### TO DO
Without including any images, please transcribe all the lines below exactly.

### THE DATA
<<<<
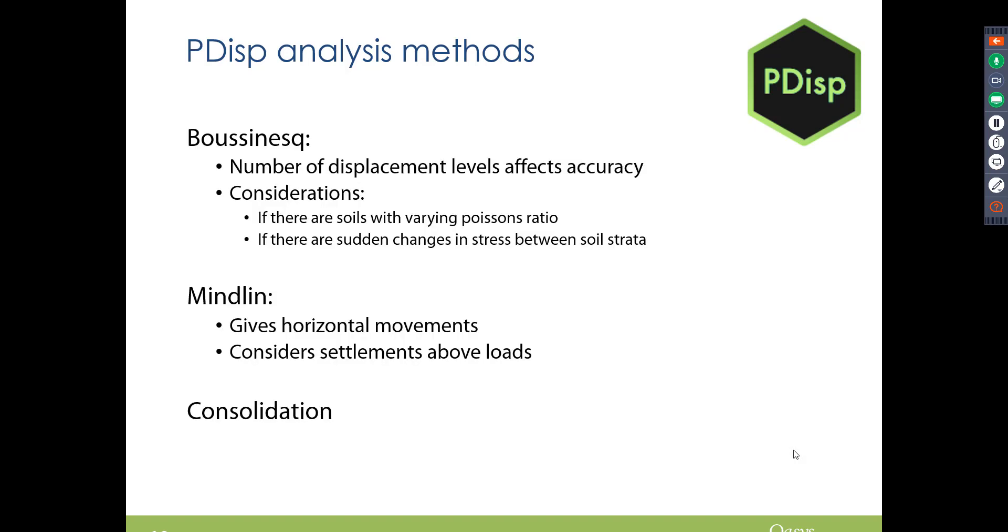So the Bousinesque method, just in terms of accuracy, just be aware that you've got to set up certain displacement levels. And for the Mindlin method it gives a horizontal movement and it considers settlements above loads. So this is just some of the differences in the method.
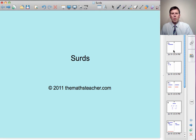Hello and welcome to a lesson on surds. This lesson is equally applicable to higher tier GCSE and to the early modules of A-level. In this lesson, we'll derive the two main rules for surds and then we'll look at examples of the three tasks that often occur on exam papers.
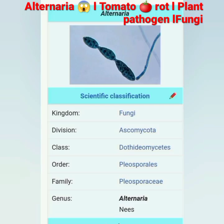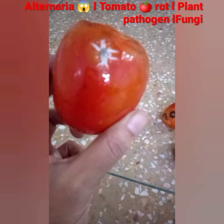Alternaria — scientific classification: kingdom Fungi, division Ascomycota, class Dothideomycetes, order Pleosporales, family Pleosporaceae, genus Alternaria.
>>>>
### RESPONSE
So the Bousinesque method, just in terms of accuracy, just be aware that you've got to set up certain displacement levels. And for the Mindlin method it gives a horizontal movement and it considers settlements above loads. So this is just some of the differences in the method.
Hello and welcome to a lesson on surds. This lesson is equally applicable to higher tier GCSE and to the early modules of A-level. In this lesson, we'll derive the two main rules for surds and then we'll look at examples of the three tasks that often occur on exam papers.
Alternaria — scientific classification: kingdom Fungi, division Ascomycota, class Dothideomycetes, order Pleosporales, family Pleosporaceae, genus Alternaria.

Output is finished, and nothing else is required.